La loi Alur a pour objectif de soutenir la protection de tout acheteur de logement. Toutefois, elle entraine aussi des complications auprès du vendeur. Dans cet article, vous allez découvrir ce que dit réellement la loi Alur et ses conséquences.

Qu’exige la loi Alur ?

Selon la loi Alur, dans le cadre d’une vente de bien immobilier, lors de la signature de la promesse de vente, le vendeur doit présenter un grand nombre de documents à l’acheteur concernant l’état de la copropriété du bien. De la sorte, l’acquéreur pourrait éviter certaines déconvenues et les mauvaises surprises. Les documents nécessaires à présenter sont au nombre de 15, voire plus, selon la Fnaim.
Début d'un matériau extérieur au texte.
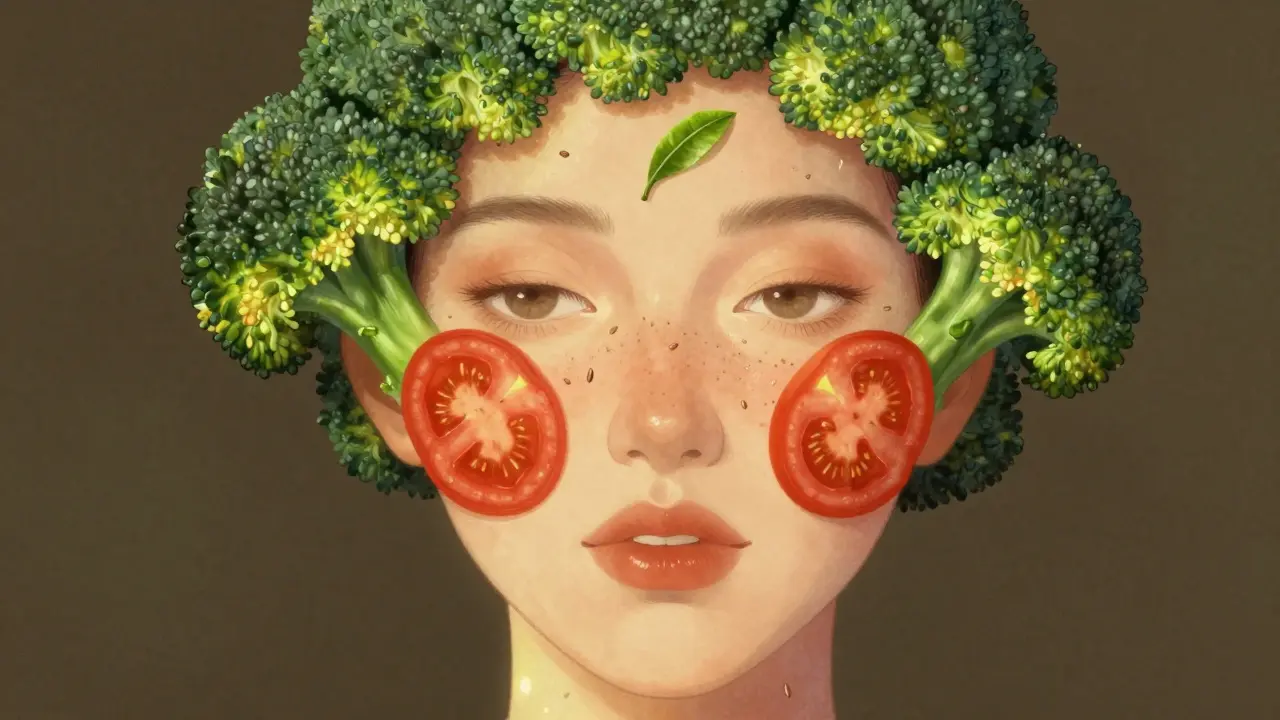 Tvář ženy složená z zeleninových a potravinových prvků, symbolizující zdravou pleť z vnitřku.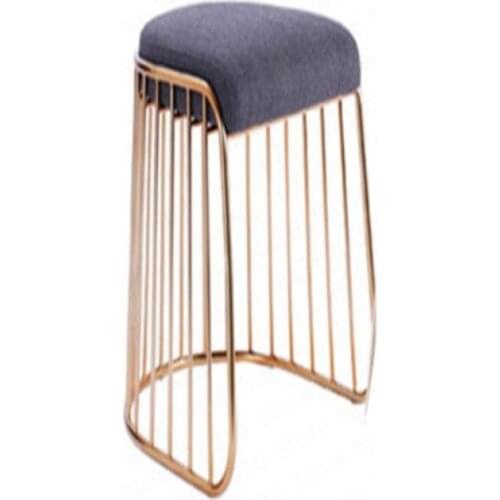 Simple modern golden wrought iron dining chair lounge chair restaurant cafe bar stool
Parmi ces documents, on trouve des dossiers juridiques tels que le règlement de copropriété, ainsi que des paperasses financières telles que les valeurs de charges depuis 2 ans et le montant qui reste dû par le vendeur. On y trouve également des dossiers techniques tels que le carnet d’entretien du logement, la fiche synthétique de copropriété et autres. Le vendeur doit aussi présenter un acte de naissance, un livret de famille ou bien une copie de son contrat de mariage.

Les conséquences de la loi Alur

À cause de ses exigences, la loi Alur ralentit les procédures de vente d’un bien immobilier. En effet, vendre un bien immobilier devient plus compliqué, puisque le vendeur doit trouver le temps pour réunir à temps tous ces documents et dans certains cas, il doit débourser de l’argent pour les obtenir. Rappelons qu’auparavant, certains de ces documents n’étaient exigés que lors de la signature de l’acte de vente authentique, ainsi les vendeurs avaient le temps nécessaire pour les réunir. Désormais, il ne reste que 3 à 4 semaines au vendeur pour réunir tous ces documents réclamés. De plus, le délai de rétractation de 7 jours de l’acheteur reste en vigueur tant que tous ces documents ne sont pas totalement complets. À tout moment, l’acquéreur peut donc désister et annuler la vente. À noter que pour récupérer la plupart de ces documents, le vendeur doit contacter les syndics des notaires et copropriétaires. Et si certains d’entre eux fournissent les dossiers sans contrepartie, d’autres demandent des frais pour la recherche. Les frais peuvent varier de 250 à 700 euros.